Two recent events will redefine the Indian economy more than anything else – the Food Security Bill, and the shrinking trend in Indian GDP.

To begin with, Indian agriculture is great. Despite so many hurdles, India is the biggest producer of milk and pulses in the world, and leads in at least 10 other areas substantially. We have world-class research institutes, and sincere scientists, politicians and farmers.

However, the big challenges now are:

Issue 1. The successful passage of the Food Security Bill 2013 – Since more than 50% of people depend on agriculture for their direct incomes, and because 67% of Indian population will be directly covered by the handouts of this Law, it’s profound.

Issue 2. The central role of Indian farmers – The HUGE promises made in the Bill require massive procurement of foodgrains (wheat, rice, coarse cereals) which means our farmers need to work really hard to produce more (since imports are ruled out). Given the extremely low productivity of agriculture in India, this means that in a few months or years from now, the strains will start showing.

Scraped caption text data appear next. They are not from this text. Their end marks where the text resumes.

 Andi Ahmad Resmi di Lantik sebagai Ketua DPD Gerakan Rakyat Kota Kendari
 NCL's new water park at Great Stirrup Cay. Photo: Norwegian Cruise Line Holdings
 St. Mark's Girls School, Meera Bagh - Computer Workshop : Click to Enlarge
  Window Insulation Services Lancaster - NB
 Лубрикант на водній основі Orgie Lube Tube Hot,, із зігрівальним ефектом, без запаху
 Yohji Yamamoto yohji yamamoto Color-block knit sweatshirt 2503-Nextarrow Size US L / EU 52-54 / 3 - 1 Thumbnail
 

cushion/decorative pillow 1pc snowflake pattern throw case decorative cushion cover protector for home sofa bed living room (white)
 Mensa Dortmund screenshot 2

Issue 3. Why our farm productivity is not going to improve anytime soon – The table clearly highlights the structural problem with Indian farm productivity. Majority of the farmers are stuck with very small landholdings due to social, personal and family reasons. Consolidation is the crying need of the hour, but that entails huge social readjustments.

Issue 4. Skewing the farming patterns permanently – Grow more wheat, more rice and more coarse cereals is the implicit message in the new law to all farmers of India. So why bother with growing vegetables? Hence, erratic patterns of vegetable production and an inflationary push is likely.

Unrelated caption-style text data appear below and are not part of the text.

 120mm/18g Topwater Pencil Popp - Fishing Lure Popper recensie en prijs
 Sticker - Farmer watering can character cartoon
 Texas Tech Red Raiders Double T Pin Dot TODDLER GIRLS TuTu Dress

Issue 5. Shrinking GDP growth rate – ‘7% plus annual GDP growth rate guaranteed’ period is gone forever. Fuelled in no insignificant part by large global fund flows courtesy easy monetary policies of the West, India enjoyed while the fun lasted. Now, we need to work hard at the basics to get to that level of growth. And that is easier said than done.

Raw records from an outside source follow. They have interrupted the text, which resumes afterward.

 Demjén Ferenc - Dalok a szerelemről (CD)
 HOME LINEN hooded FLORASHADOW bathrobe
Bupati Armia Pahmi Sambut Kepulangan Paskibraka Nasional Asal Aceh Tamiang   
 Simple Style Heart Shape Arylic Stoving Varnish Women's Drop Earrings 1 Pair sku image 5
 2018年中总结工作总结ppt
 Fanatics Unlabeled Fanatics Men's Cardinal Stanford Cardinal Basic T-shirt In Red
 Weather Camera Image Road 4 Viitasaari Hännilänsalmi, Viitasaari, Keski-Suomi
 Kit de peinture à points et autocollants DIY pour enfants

Issue 6. Borrow more, Print more – Since the food security commitments HAVE to be fulfilled always – there is no sunset clause, and no government dare take on 67% of the population of 1.2 billion (and growing) – this means heavy borrowing or heavy printing of currency may happen frequently. Both imply massive inflation in the short and medium term. That inflation will hurt everyone – even the poor.

All these together mean we are in for a long stretch of painful readjustment. Tighten your seats, ladies and gentlemen!